Hypertriglyceridemia is the main risk factor for atherosclerosis. It is reported that triglyceride (TG) induces macrophage cell death, and is involved in the formation of plaques and development of atherosclerosis. We previously reported that TG-induced cell death of macrophages is mediated via pannexin-1 activation, which increases the extracellular ATP and subsequent increase in potassium efflux, thereby activating the caspase-2/caspase-1/apoptotic caspases, including the caspase-8 pathway. Contrarily, some studies have reported that caspase-8 is an upstream molecule of caspase-1 and caspase-2 in several cellular processes. Therefore, this study was undertaken to investigate whether caspase-8 influences its upstream molecules in TG-stimulated macrophage cell death. We first confirmed that caspase-8 induces caspase-3 activation and poly ADP-ribose polymerase (PARP) cleavage in TG-treated macrophages. Next, we determined that the inhibition of caspase-8 results in reduced caspase-1 and -2 activity, which are upstream molecules of caspase-8 in TG-induced cell death of macrophages.
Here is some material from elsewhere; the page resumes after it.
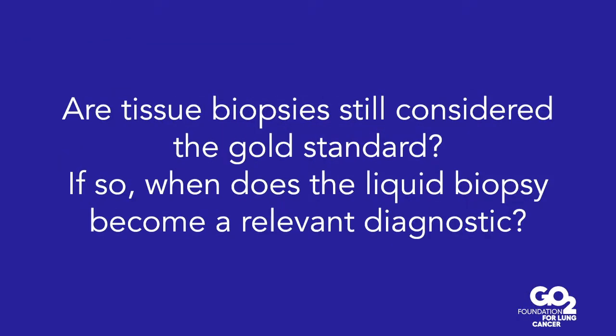When we talk about this testing, how is it done? Is it required on tissue? Liquid biopsies have been a big part of the conversation over the last several years. Is tissue still considered the gold standard? When does the liquid biopsy become a relevant diagnostic? Liquid biopsies are a critical aspect of the diagnostic algorithm for patients with lung cancer.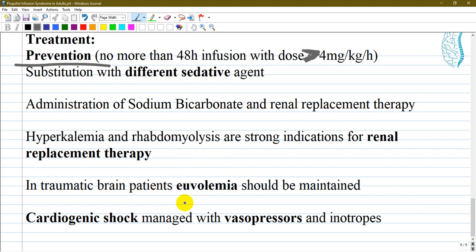For patients with traumatic brain injury, volemia should be maintained. Cardiogenic shock should be managed with vasopressors and inotropes such as dopamine and norepinephrine. Thank you very much, and have a good time guys.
We also found that ATP treatment restores the caspase-8 inhibitor-induced caspase-2 activity, thereby implying that caspase-8 affects the upstream molecules responsible for increasing the extracellular ATP levels in TG-induced macrophage cell death. Taken together, these findings indicate that caspase-8 potentiates the TG-induced macrophage cell death by activating its upstream molecules.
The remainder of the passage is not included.